# First grenadine tie - which color?



## Trad-ish (Feb 19, 2011)

I've been eyeing Chipp's Grenadine ties and think I'm going to pull the trigger. Any suggestions on which color to get first? 

I rarely wear a suit, so I don't think black to start with. 99.5% of the time, I'm wearing a blazer or sportcoat. Maybe red or wine? Then maybe blue?


----------



## CSG (Nov 22, 2011)

Burgundy, red, blue, or yellow depending on the shirt and jacket combo. I'm a repp/regimental and foulard guy so the solid ties haven't captured me yet.


----------



## Ensiferous (Mar 5, 2012)

I wear the grenadine more with suits, but will happily pair it with the right sport jacket. 

Navy grenadine + gray suit.

Burgundy grenadine + navy suit.

Get them both!


I do like the black grenadine.

Billax masterfully wears the gold grenadine tie. I have one too, and wear it on occasion; usually with a DB navy blazer.


----------



## doomx (Sep 19, 2015)

Wine or dark green. They both go great with navy, gray or brown jacket/suit. This is in contrast to navy grenadine that may not work well with a navy suit. I recently got a green one from chipp (custom AAAC order at 3.5 inch wide) and it looks fantastic.


----------



## LordSmoke (Dec 25, 2012)

Thank you! Been wrestling with this myself. Not happy with the Navy silk tie I've been wearing with my navy 3-piece and small gingham check blue shirt. Thinking grenadine and undecided on color.


----------



## Balfour (Mar 23, 2012)

Navy and a really dark burgundy.


----------



## AldenPyle (Oct 8, 2006)

Been on my mind too after CSharp's great IvyStyle piece
https://www.ivy-style.com/common-bond-007-and-the-grenadine-tie.html


----------



## adept (Jun 9, 2015)

I would really like an orange grenadine, may still get one before the season passes...


----------



## Tempest (Aug 16, 2012)

Hello, is this thing on?

Green.


----------



## Charles Dana (Nov 20, 2006)

Trad-ish said:


> I've been eyeing Chipp's Grenadine ties....Any suggestions on which color to get first?
> 
> I rarely wear a suit... 99.5% of the time, I'm wearing a blazer or sportcoat.
> 
> ...


----------



## inq89 (Dec 3, 2008)

Funny enough I recently purchased my 1st...then 2nd, 3rd,...and so on... grenadine tie myself. I will submit to popular groupthink and say a classic Navy should be the go-to starter. Followed by Burgundy, Sky Blue, Forest Green, Chocolate.

Of course its hard to stop after 5 grenadines but IMO its a versatile burgeoning collection. And yet another tradly obsession for me to keep adding! 

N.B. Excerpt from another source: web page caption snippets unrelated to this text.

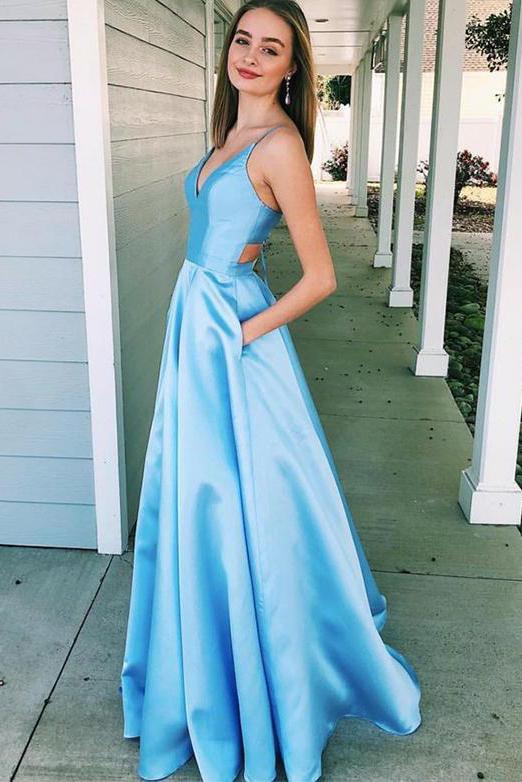 A-Line V Neck Light Blue Satin Cut Out Prom Dresses with Pockets Sleeveless WK519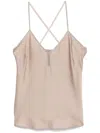 D Exterior Bead Embellished Top In Neutral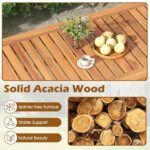 Juego de Muebles de Patio Tangkula 72977-WH 4 Piezas Madera de Acacia Natural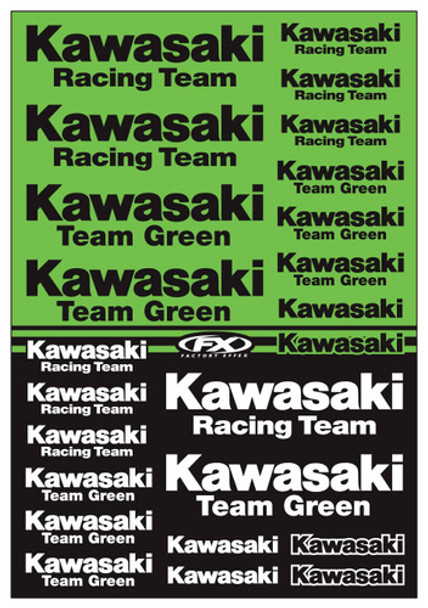 Factory Effex Kawasaki Racing Sticker Sheet 22-68132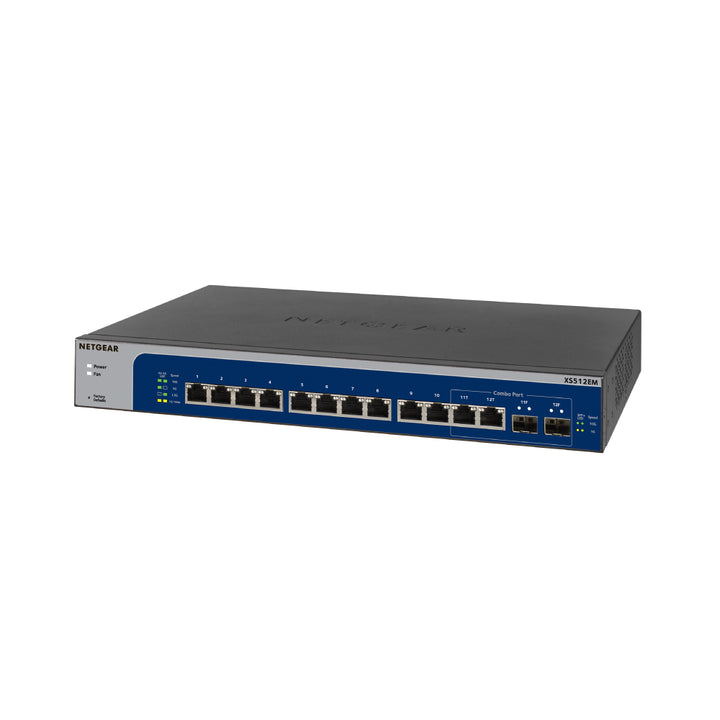 NETGEAR XS512EM 12-Port 10G-Gigabit/Multi-Gigabit Ethernet Switch with 2 SFP+ Combo Ports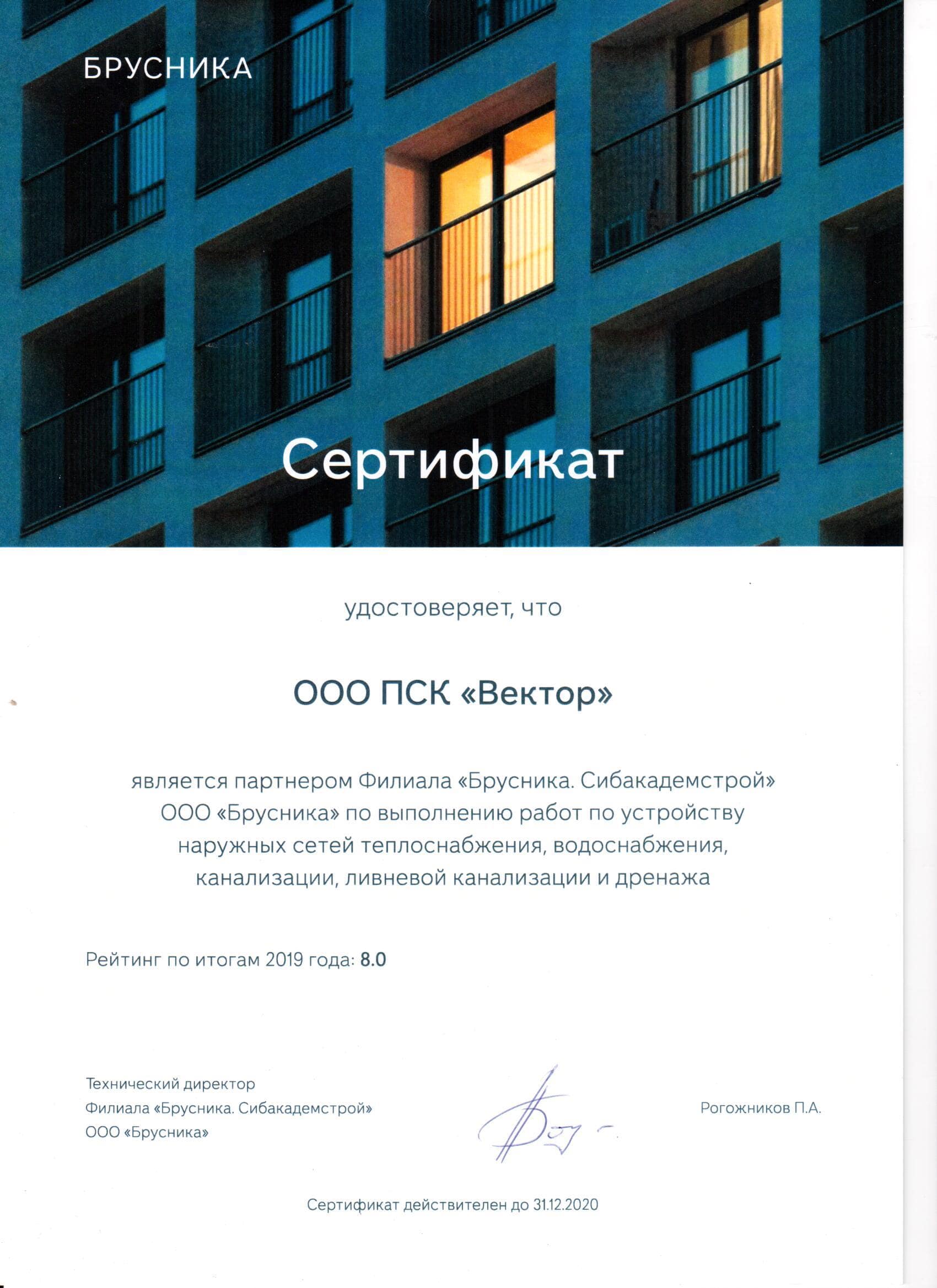 Сертификат от ООО «Брусника»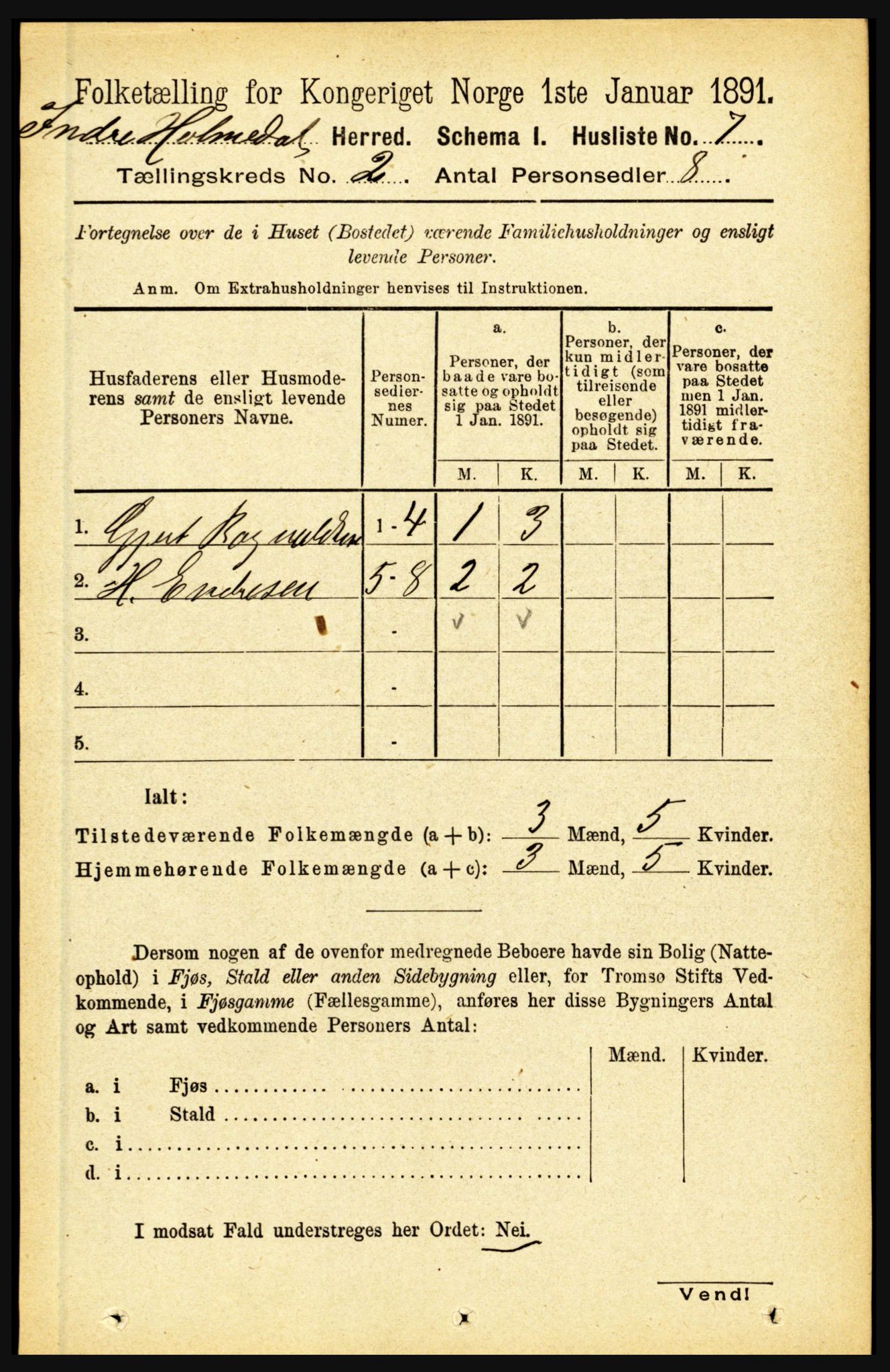 RA, 1891 census for 1430 Indre Holmedal, 1891, p. 407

Dont think I can own a solid tie that isnt grenadine. The texture and weave adds a luxurious tangibility that a plain silk tie does not provide. Great officewear.


----------



## PapaD (Nov 15, 2015)

It seems every time I look for a burgundy/wine grenadine at Chipp it's out of stock. Do I need to just keep looking?


Sent from my iPhone using Tapatalk


----------



## LordSmoke (Dec 25, 2012)

PapaD said:


> It seems every time I look for a burgundy/wine grenadine at Chipp it's out of stock. Do I need to just keep looking?
> 
> Sent from my iPhone using Tapatalk


I have been all too fond of Kent Wang ps. Will probably dip my toe in the grenadine pool there: https://www.kentwang.com/ties?cat=51


----------



## Semper Jeep (Oct 11, 2011)

My wine grenadine tie is far and away the tie I wear most often. It works great with just about everything. My navy is in pretty heavy rotation too but nowhere near as frequent as the wine.


----------



## adept (Jun 9, 2015)

Semper Jeep said:


> My wine grenadine tie is far and away the tie I wear most often.


I love that color and need to get one!


----------



## Ekphrastic (Oct 4, 2009)

A black grenadine is an interesting thing. It can be treated a little like a black knit, but it carries more formality. There's a reason that James Bond (Sean Connery's era) often wore a black grenadine tie.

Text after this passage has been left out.